When I ran a small oil-fired steam switch engine at the Southeastern Railway Museum, the main concern was a) not going too fast for a small, circular track, and b) making sure there wasn’t anything or anyone on the track ahead. I never failed to suprise me how many parents would bring small children to the museum and not watch them, even though we had an engine running and there was sometimes broken glass from cars that had been vandalized before we got them. We had signs all over the place telling people to stay off the equipment because it wasn’t safe, but they would actually put their kids up on stuff, going under ropes or barracades to do so. When I would sound the whistle to warn that the engine (dear old No. 97!) was coming around a curve to the loading area, several times I had mothers yell at me because “You scared my child!!”
So, no steering. Just a lot of watching. It sure was fun, though!
(Another steam engineer here)
First, what a steam engine backhead looks like:
That photo has nice labels to let you know what things do, and keep in mind that that locomotive is rather large and more complex than the one I work on. The fireman would be responsible for maintaining a healthy fire (wood, coal, whatever) and keeping the pressure at the correct level. For the engineer, he’s mainly concerned with the throttle (in a steam locomotive, the throttle opens a valve that admits steam to the dry pipe and into the cylinders), Johnson bar (the “transmission” of a steam locomotive; if the bar is all the way forward, steam is admitted into the cylinder for the duration of piston stroke and the wheels go forward. If the bar is all the way back, same thing except the wheels turn backwards. After we get going, we apply “cutoff” by easing the bar back nearly to halfway, admitting only enough steam to keep us at speed. Wow, that was a long parenthetical), and brakes.
Generally, the fireman also handles boiler water level.
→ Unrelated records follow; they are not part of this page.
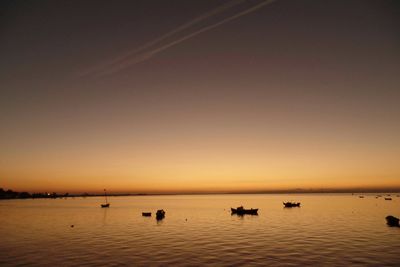 Scenic view of sea against clear sky during sunset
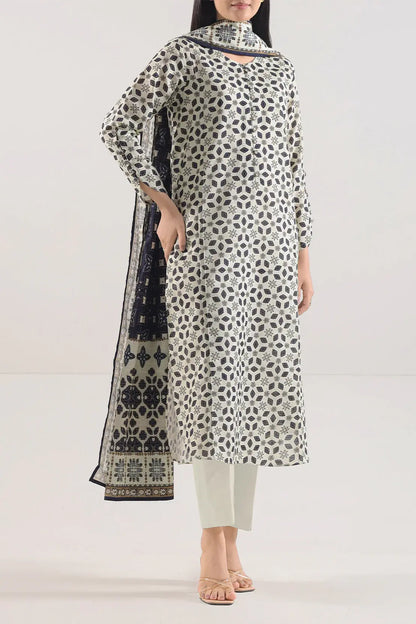 Woman wearing a patterned kurta with a matching dupatta on a white background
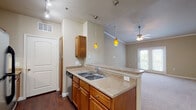 Located at 6805 Lebanon Rd in Frisco, Texas, this single-floor residence offers a thoughtfully designed layout that balances comfort and functionality. The kitchen is a standout feature, equipped with warm-toned wooden cabinetry, light countertops, stainless steel appliances including a full-size refrigerator, built-in microwave, and dishwasher. Rich wood-look flooring grounds the kitchen space, while amber pendant lights add a warm, inviting glow over the peninsula breakfast bar. The kitchen opens seamlessly into the living area, which is finished with plush carpeting, crown molding, and elevated ceilings that enhance the sense of spaciousness. A ceiling fan provides comfort, and French doors lead to a private balcony, filling the room with natural light. Adjacent to the living area, a built-in shelving nook offers practical storage or display space. The bedroom features wall-to-wall carpeting and a generously sized window fitted with blinds, allowing for flexible natural light control. The overall color palette of warm beige tones throughout creates a cohesive, neutral ambiance. The layout, as seen in the dollhouse view, is efficiently organized to maximize flow between the kitchen, living, and sleeping areas.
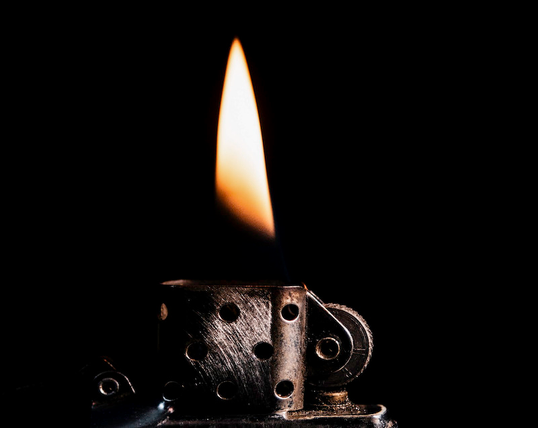 Man sieht den oberen Teil von einem Zippo-Feuerzeug. Dort sieht man die Flamme die durch dieses Feuerzeug entstanden ist. Dabei schaut es so aus, als wenn die Flamme über dem Feuerzeug schwebt.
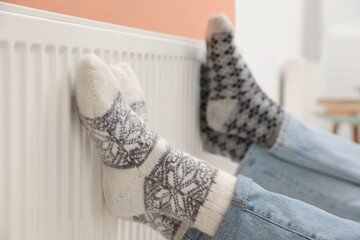 Couple warming legs on heating radiator indoors, closeup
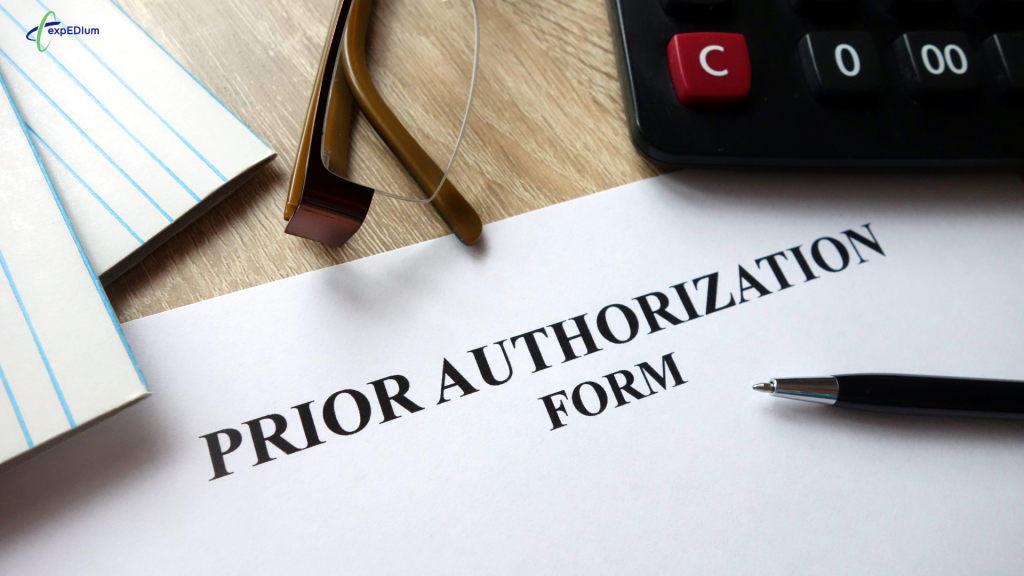 Prior authorization form document on a desk with reading glasses, a pen, a notepad, and a calculator.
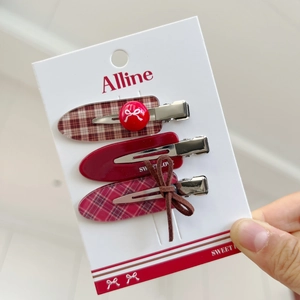 Three-piece set of red plaid and polka dot hair clips with sweet bow accents for women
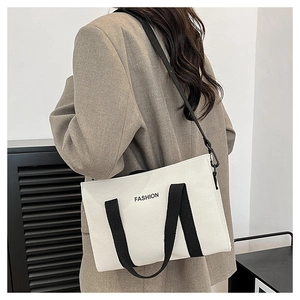 Détail du sac fourre-tout en toile avec anses contrastées noires et imprimé mode
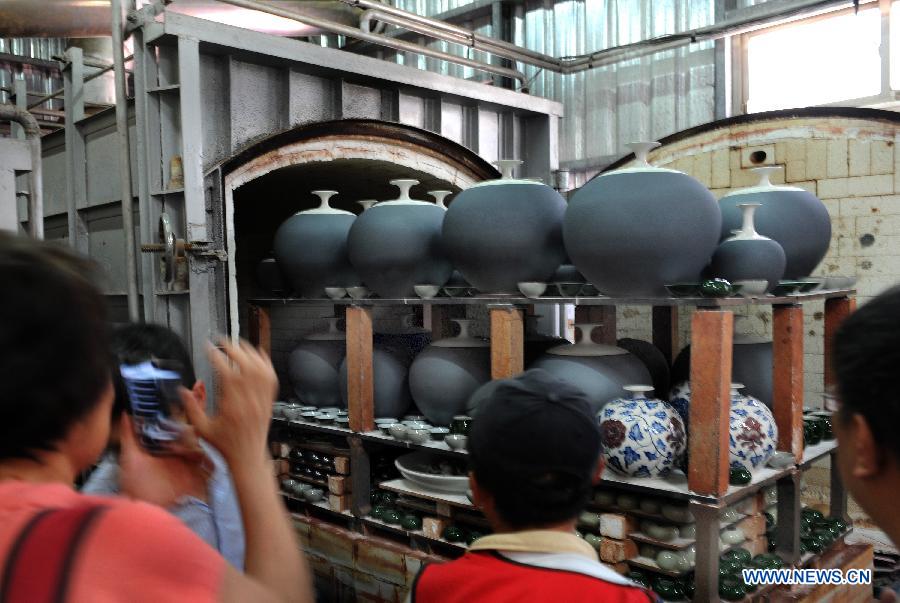 Tourists visit a kiln workshop in the town of Yingge of Xinbei City in southeast China's Taiwan, June 8, 2013. Over 100 artists have set up workshops in Yingge, which is famous for ceramics production, providing opportunities for visitors to experience the process of making porcelains. (Xinhua/Tao Ming) 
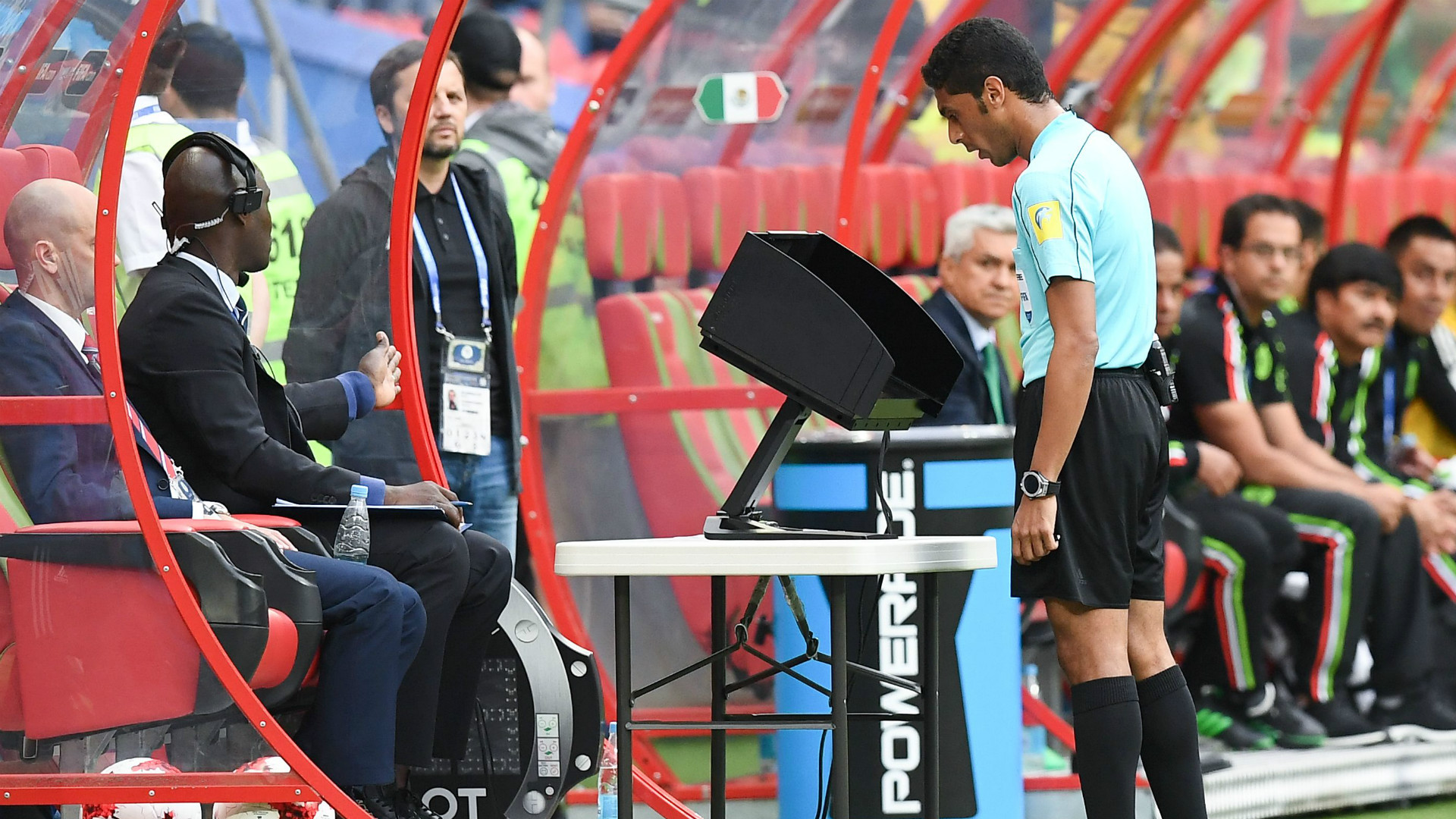 Referee checking the VAR for checking of a bad play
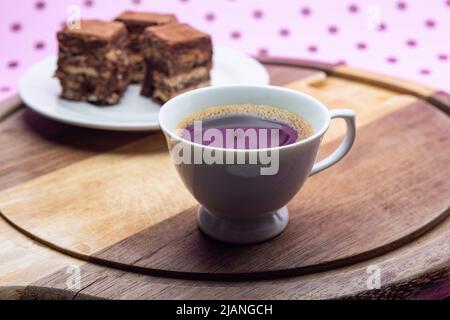 Goiânia, Goias, Brasilien – 31. Mai 2022: Eine Tasse Kaffee mit Stücken italienischen Strohhalms auf Holz auf einer rosa Oberfläche. Stockfoto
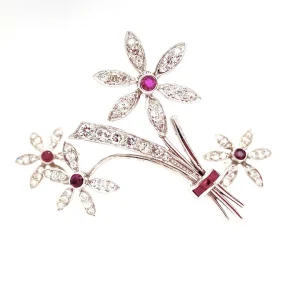 Diamond and ruby brooch and earring suite in white gold.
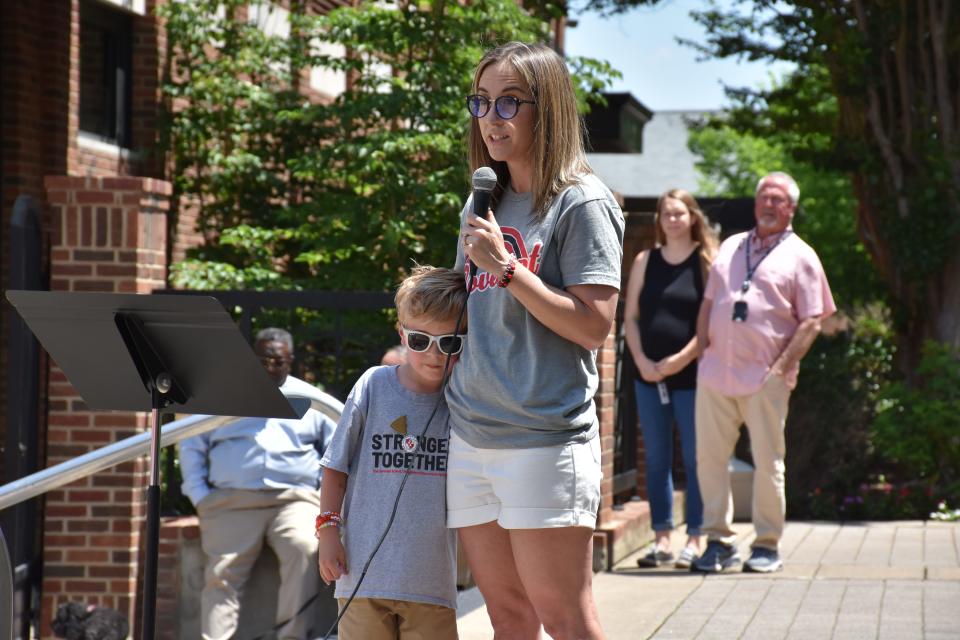 Sarah Neumann, with son Noah, who is a Covenant School student on the Franklin Public Square on Friday, June 2. Neumann spoke at the Gun Violence Awareness Day rally for gun law reform.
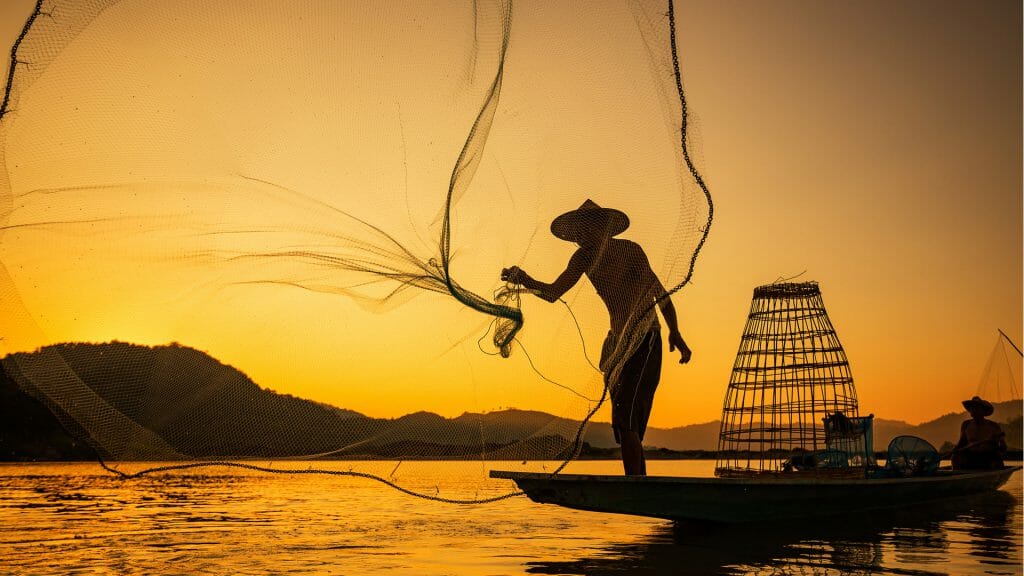 Fisherman silhouetted with his net being thrown as the sun sets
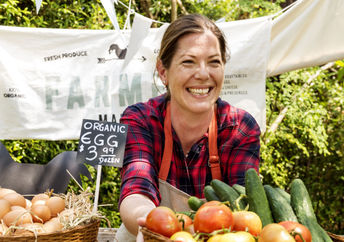 Women selling produce at a famers market.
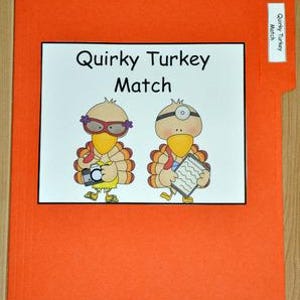 以下が含まれることがあります： オレンジ色のファイルフォルダー。白い長方形に「Quirky Turkey Match」の文字と、2羽の漫画の七面鳥のイラストが描かれています。1羽はメガネをかけカメラを持ち、もう1羽は医者のマスクをしてクリップボードを持っています。タブの小さなラベルには「Quirky Turkey Match」と書かれています。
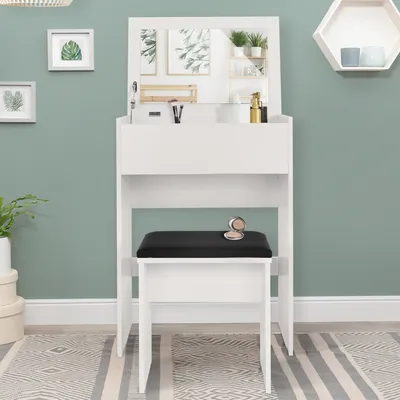A white vanity table with a mirror and a black stool in front of it, set against a green wall.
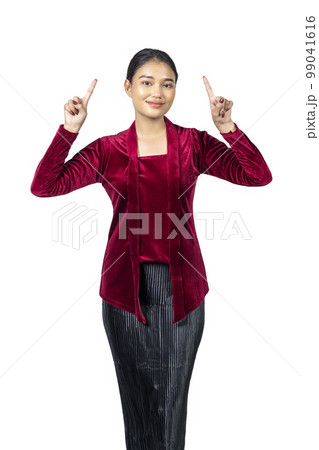 Asian girl wearing red kebaya traditional clothes pointing at something 99041616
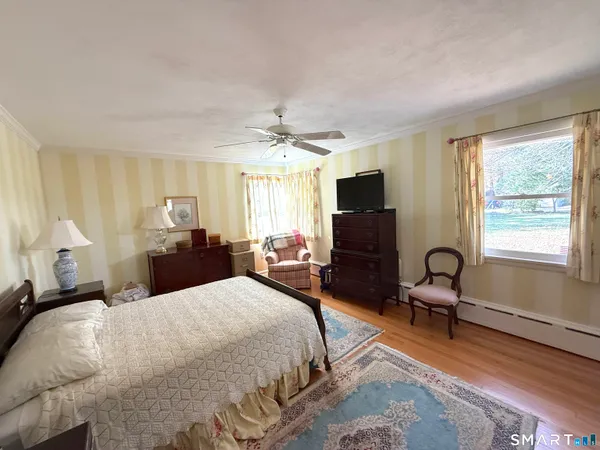 a bedroom with a bed flat screen tv and windows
The next photo is of a so-called AAR (Association of American Railroads) control stand:
AAR Control Stand
They cut the brake levers out, but you can see the light gray section at the far left. There are two handles there; the top is the “automatic” or trainline brake, which applies BOTH the brakes on the locomotives and the brakes on the cars. The bottom lever is the “independant” or locomotive brake, which applies only engine brakes.
The vertical handle just to the right of the brake stand is the horn lever. Pull it toward you to sound the air horn.
The red button is the “alerter reset” button. After a certain period of time (generally about 30 seconds) of inactivity (no blowing the horn, no touching the throttle or brakes) an alarm will sound, and the engineer must press that button or manipulate a control or the locomotive will cut out the traction motors, apply the emergency brake, and stop.
The switches are for lights and such.
The top horizontal lever in the middle of the photo is the throttle, divided into 8 “notches” plus idle (where it is in the photo.) Pull it toward you once, and you’re in Notch 1, the lowest power setting. Notch 8 is wide open.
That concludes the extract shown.